## Goal of the exercise
Print the whole listing below exactly as given, pictures excluded.

## Supplied information
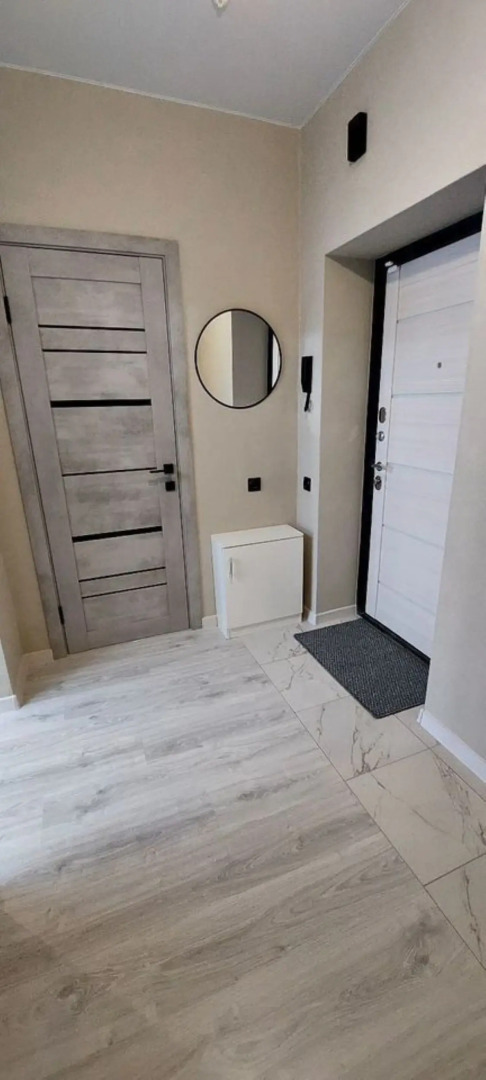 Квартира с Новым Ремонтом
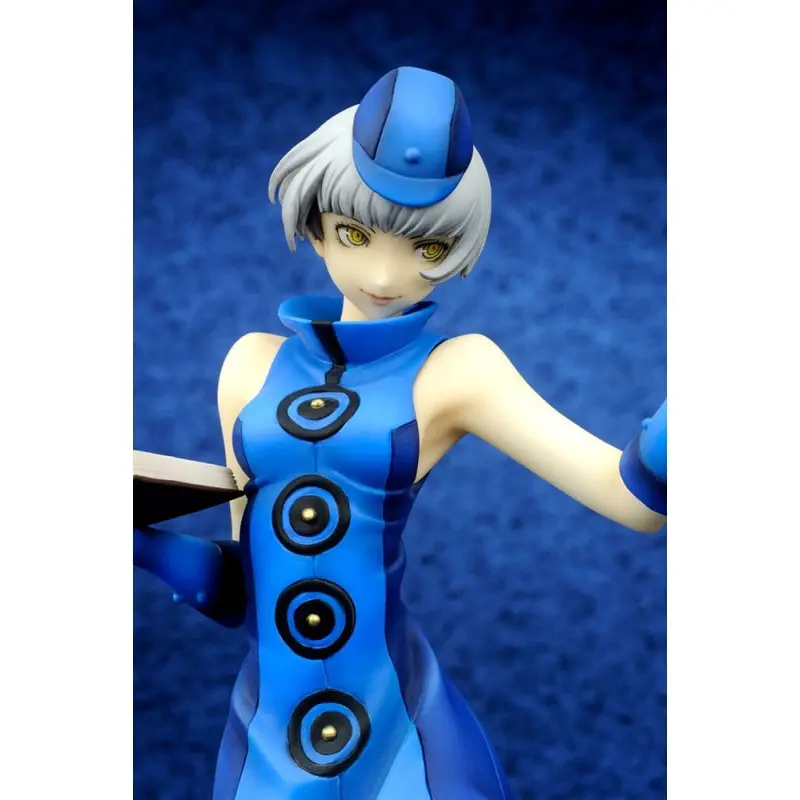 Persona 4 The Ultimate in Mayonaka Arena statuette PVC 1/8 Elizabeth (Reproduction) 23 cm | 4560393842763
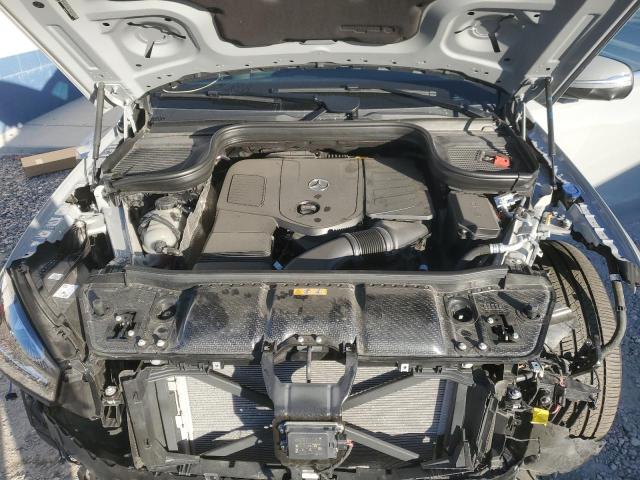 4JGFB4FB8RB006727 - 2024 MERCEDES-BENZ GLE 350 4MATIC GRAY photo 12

## Answer area
 Квартира с Новым Ремонтом
 Persona 4 The Ultimate in Mayonaka Arena statuette PVC 1/8 Elizabeth (Reproduction) 23 cm | 4560393842763
 4JGFB4FB8RB006727 - 2024 MERCEDES-BENZ GLE 350 4MATIC GRAY photo 12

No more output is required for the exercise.